Comme il n’y avait ni épicéa ni pin sur les rives du lac où se trouvait le site, l’équipe de recherche a conclu que les arbres avaient été abattus sur une montagne à deux ou trois milles de là, voire peut-être même plus loin. Une inspection minutieuse des lances a montré que l’âge de pierre planifiait soigneusement ses projets de menuiserie selon une séquence définie : enlever l’écorce, enlever les branches, affûter la pointe de lance, brûler le bois. “Les outils en bois présentaient un niveau de complexité technologique plus élevé que celui que l’on voit habituellement dans les outils en pierre de cette époque”, a déclaré le Dr. Chef.

Francesco d’Errico, archéologue à l’Université de Bordeaux qui n’a pas participé à l’étude, a salué sa compréhension des méthodes et des matériaux utilisés par les habitants de l’âge de pierre pour résoudre les problèmes pratiques de l’âge de pierre. “Cet article ouvre une fenêtre sur le monde presque inconnu du Paléolithique inférieur”, a-t-il déclaré. “Malgré le manque de données, les auteurs tentent courageusement de proposer un scénario pour le développement d’une telle technologie, qui devra être testé à l’avenir par rapport à de nouvelles découvertes.”

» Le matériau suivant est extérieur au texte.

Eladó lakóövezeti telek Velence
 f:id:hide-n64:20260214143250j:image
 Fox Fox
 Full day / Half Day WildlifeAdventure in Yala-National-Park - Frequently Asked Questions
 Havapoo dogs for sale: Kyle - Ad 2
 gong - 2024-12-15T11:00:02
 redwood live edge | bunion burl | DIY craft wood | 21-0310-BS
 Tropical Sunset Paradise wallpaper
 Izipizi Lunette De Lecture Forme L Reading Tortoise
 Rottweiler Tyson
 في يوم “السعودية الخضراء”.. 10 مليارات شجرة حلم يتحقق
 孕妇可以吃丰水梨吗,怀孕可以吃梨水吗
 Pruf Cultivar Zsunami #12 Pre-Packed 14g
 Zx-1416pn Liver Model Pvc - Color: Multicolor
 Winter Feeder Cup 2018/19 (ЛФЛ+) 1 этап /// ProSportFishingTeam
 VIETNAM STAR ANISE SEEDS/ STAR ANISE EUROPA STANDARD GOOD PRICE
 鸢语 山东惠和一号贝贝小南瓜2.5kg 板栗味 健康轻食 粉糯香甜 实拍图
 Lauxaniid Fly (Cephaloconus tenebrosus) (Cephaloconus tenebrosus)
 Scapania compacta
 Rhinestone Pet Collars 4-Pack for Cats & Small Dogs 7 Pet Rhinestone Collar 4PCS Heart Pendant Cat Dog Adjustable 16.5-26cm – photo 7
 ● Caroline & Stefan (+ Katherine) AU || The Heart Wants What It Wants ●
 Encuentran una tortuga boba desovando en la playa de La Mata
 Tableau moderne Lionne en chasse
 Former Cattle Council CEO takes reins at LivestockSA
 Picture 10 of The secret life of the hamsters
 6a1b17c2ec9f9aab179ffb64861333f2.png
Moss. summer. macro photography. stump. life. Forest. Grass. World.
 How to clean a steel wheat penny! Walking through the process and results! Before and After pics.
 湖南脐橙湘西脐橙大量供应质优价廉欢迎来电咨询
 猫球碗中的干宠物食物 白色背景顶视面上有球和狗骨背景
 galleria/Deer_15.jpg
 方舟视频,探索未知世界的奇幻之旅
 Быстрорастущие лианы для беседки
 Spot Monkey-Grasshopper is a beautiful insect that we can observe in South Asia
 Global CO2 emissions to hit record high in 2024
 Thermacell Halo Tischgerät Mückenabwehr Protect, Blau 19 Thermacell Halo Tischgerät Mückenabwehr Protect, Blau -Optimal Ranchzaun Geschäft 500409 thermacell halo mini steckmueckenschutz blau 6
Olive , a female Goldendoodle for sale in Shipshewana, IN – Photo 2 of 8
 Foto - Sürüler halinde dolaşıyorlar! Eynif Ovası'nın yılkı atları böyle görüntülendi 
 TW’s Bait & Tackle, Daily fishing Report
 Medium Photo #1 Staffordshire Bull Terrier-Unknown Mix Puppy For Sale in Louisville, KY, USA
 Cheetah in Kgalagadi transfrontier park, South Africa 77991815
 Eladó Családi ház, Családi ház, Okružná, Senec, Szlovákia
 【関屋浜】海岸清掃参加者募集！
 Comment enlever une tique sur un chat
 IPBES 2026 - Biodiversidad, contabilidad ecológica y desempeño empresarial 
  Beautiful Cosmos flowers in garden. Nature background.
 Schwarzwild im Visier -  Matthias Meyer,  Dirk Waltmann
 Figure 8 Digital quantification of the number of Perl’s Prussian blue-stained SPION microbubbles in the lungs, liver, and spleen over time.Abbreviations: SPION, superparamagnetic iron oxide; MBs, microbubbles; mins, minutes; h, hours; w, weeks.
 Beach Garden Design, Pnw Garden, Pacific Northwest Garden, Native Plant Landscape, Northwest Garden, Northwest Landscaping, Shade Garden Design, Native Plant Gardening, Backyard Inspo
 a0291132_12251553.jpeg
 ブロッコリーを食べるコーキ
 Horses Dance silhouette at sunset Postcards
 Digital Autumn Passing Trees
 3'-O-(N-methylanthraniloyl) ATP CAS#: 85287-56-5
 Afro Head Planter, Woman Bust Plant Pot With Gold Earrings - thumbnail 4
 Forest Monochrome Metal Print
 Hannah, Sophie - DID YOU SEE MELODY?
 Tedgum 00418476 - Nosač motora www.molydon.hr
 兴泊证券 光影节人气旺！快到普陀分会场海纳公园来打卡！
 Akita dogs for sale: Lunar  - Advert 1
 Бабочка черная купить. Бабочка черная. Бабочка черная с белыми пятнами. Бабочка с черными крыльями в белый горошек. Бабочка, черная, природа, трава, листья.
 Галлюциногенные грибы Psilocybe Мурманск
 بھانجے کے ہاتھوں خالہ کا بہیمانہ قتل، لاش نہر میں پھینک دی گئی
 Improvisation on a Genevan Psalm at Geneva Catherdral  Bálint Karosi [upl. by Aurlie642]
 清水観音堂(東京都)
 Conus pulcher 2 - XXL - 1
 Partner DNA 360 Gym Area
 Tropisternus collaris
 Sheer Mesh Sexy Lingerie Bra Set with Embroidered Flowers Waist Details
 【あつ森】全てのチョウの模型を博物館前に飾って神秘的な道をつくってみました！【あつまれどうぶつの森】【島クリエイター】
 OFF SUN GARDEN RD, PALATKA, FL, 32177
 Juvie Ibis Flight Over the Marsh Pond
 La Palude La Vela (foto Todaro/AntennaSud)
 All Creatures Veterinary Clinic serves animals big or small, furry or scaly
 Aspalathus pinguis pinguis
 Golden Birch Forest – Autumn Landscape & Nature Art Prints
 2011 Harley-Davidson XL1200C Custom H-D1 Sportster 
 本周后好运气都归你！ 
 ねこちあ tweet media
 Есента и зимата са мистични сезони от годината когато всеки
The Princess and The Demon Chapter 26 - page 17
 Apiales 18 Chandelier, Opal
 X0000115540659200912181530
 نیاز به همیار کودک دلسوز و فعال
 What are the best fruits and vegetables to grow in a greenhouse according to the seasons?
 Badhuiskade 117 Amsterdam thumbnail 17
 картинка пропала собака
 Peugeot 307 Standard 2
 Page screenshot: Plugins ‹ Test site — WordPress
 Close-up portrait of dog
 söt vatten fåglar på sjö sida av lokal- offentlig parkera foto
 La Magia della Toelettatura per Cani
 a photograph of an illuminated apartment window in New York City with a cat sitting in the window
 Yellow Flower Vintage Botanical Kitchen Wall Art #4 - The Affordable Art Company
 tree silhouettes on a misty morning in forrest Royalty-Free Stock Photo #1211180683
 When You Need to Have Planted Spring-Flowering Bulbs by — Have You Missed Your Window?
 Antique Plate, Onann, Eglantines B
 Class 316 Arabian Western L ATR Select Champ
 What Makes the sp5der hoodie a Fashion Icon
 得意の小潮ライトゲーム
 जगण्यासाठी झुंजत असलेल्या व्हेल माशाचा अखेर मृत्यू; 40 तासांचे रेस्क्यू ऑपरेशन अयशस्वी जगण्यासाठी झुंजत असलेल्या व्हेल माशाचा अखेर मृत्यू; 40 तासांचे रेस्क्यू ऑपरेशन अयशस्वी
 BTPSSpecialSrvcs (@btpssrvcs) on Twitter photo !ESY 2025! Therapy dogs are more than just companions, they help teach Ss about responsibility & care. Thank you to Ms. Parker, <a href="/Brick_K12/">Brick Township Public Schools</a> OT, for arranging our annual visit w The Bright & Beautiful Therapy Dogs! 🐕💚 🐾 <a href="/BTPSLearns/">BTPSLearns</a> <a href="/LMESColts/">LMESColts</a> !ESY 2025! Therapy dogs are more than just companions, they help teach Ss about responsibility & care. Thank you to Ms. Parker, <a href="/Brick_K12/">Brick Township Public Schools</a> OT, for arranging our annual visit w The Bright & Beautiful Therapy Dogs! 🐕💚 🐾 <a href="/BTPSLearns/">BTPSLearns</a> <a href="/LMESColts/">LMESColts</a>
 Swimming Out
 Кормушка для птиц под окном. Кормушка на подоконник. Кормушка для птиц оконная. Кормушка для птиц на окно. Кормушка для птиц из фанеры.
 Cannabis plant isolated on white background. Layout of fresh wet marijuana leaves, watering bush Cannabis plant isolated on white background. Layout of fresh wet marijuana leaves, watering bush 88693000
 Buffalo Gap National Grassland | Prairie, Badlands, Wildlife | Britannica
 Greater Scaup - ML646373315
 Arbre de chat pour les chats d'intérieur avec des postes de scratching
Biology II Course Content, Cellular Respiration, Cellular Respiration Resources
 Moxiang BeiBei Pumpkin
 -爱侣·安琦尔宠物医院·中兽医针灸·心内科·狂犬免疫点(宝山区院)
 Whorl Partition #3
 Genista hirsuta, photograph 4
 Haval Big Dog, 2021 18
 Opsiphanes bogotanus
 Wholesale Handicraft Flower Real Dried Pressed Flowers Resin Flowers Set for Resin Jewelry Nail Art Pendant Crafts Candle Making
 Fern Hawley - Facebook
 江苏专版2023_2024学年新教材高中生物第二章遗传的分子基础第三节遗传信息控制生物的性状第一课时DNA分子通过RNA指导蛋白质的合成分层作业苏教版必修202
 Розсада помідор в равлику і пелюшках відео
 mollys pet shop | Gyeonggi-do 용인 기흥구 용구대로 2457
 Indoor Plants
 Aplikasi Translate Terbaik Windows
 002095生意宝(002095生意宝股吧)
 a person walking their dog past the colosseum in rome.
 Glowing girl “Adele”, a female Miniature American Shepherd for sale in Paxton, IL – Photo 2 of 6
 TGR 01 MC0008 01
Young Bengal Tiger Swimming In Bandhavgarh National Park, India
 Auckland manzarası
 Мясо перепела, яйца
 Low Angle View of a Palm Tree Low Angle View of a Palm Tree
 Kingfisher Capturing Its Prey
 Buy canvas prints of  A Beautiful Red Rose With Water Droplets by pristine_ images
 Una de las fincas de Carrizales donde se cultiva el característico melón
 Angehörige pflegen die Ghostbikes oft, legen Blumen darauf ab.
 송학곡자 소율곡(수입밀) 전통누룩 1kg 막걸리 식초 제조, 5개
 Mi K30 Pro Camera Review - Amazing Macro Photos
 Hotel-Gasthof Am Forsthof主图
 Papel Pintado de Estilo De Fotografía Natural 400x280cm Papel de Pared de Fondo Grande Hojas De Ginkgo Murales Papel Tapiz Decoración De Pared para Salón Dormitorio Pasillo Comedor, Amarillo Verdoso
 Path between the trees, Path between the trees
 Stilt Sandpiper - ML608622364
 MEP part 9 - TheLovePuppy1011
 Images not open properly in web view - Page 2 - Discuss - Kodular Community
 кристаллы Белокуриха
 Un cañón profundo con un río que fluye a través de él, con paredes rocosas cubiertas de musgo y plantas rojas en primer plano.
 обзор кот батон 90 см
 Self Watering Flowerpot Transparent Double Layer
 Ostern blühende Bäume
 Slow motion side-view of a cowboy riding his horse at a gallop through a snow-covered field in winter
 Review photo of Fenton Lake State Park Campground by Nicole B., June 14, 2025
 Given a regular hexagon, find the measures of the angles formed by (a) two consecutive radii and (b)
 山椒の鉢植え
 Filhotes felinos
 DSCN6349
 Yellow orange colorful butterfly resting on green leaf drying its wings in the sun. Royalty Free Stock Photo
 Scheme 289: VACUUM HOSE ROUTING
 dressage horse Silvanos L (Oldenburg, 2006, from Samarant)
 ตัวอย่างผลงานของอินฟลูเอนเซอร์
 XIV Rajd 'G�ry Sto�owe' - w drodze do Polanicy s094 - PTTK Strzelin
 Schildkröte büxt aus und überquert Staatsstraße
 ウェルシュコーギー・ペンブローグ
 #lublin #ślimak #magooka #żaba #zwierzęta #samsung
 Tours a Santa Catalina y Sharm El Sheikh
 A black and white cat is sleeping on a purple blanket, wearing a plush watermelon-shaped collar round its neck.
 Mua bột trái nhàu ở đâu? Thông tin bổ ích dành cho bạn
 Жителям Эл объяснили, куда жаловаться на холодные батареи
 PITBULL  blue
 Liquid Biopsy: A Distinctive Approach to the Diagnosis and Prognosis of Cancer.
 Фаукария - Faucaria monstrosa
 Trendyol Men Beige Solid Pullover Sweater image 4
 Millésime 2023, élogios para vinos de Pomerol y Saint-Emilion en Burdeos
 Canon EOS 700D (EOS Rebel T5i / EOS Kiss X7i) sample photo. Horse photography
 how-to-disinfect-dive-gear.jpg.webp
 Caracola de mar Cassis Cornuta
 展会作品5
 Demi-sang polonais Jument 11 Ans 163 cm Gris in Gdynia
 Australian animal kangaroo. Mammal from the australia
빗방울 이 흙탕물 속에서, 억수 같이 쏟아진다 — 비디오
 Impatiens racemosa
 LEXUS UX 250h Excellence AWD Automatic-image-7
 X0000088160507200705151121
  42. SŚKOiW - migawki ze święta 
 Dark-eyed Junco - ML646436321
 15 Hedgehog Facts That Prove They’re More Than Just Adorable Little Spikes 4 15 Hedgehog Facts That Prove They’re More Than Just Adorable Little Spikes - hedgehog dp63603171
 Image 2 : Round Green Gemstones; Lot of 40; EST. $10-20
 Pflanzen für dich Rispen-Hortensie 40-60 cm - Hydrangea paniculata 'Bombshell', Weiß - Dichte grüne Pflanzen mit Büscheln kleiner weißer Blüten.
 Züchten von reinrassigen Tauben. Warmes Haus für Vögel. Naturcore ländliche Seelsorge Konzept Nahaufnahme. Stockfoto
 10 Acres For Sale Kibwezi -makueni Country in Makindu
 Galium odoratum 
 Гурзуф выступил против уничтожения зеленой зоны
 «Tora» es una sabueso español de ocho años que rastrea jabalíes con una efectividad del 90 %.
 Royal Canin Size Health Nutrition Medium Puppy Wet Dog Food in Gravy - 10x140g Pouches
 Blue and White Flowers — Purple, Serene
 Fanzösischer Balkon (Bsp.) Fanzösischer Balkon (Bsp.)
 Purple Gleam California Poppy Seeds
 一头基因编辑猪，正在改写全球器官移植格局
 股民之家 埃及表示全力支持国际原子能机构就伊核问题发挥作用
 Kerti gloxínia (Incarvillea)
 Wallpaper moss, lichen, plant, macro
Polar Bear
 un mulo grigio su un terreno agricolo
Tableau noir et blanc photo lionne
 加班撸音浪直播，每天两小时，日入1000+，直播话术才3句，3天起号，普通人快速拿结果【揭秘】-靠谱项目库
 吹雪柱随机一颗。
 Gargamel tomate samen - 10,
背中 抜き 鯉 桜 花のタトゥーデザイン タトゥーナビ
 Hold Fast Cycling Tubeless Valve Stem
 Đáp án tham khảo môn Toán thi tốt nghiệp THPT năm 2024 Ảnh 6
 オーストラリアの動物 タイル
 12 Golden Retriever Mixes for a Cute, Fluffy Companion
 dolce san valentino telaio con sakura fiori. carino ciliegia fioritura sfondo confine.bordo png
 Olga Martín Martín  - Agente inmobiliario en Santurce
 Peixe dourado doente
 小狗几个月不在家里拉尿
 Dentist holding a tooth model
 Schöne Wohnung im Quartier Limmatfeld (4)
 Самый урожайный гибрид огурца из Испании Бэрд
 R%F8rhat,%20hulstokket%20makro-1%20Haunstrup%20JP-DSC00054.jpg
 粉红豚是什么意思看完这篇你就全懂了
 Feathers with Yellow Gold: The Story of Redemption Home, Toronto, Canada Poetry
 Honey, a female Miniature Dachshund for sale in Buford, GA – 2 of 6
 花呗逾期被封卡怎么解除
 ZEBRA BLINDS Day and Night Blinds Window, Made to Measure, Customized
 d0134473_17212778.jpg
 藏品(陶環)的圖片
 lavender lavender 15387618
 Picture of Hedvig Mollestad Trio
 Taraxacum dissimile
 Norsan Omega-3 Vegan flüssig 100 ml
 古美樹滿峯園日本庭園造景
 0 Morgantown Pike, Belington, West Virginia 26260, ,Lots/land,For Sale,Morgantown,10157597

La révélation la plus surprenante est peut-être que certaines pointes de lance ont été affûtées après avoir été cassées ou émoussées, et que certaines des armes cassées ont été coupées, polies et réutilisées. “Le bois que nous avons identifié comme débris de travail suggère que les outils ont été réparés et recyclés pour en faire de nouveaux outils destinés à d’autres tâches”, a déclaré le Dr. Lait.

Toutes les lances sauf une étaient taillées dans des troncs de sapins à croissance lente et façonnées et équilibrées comme des lances modernes, avec le centre de gravité au centre du manche. Mais étaient-ils destinés à lancer ou à pousser ? “Les lances étaient faites de bois dense et d’un diamètre épais”, a expliqué le Dr. Lait. “Pour moi, cela suggère que les hominidés qui les fabriquent ont peut-être intentionnellement conçu au moins certaines d’entre elles comme armes aériennes pour la chasse.”

Elle a testé la balistique externe des javelots en recrutant six lanceurs de javelots masculins entraînés, âgés de 18 à 34 ans, pour lancer des répliques sur des bottes de foin à différentes distances. “Mon objectif était de demander à des gens qui étaient un peu meilleurs que les archéologues dans ce domaine, car jusque-là, nous avions mené des expériences avec beaucoup de gens qui étaient… des archéologues”, a déclaré le Dr. Milks, ajoutant : “Les anthropologues ne sont pas non plus très doués pour ce genre de choses.”

À 33 pieds de distance, l’équipe Néandertalienne a atteint la cible 25 % du temps. Les athlètes étaient tout aussi précis à 50 pieds et à peine moins (17 %) à 65 pieds. “Pourtant, c’est deux fois la distance à laquelle les scientifiques avaient estimé qu’une lance lancée à la main pourrait être utile pour la chasse”, a déclaré le Dr. Lait.

Pour elle, l’idée selon laquelle nos ancêtres de l’âge de pierre étaient des artisans sert à les humaniser. “Le travail du bois est lent, même si vous êtes bon dans ce domaine”, a-t-elle déclaré. “Il y a de nombreuses étapes différentes dans le processus.” Elle imagine un groupe de Néandertaliens rassemblés autour d’un feu de camp le soir, rassemblant, polissant et réparant leurs objets artisanaux en bois. “D’une certaine manière, tout semble très, très proche”, dit-elle avec nostalgie, “même si c’était il y a très, très longtemps.”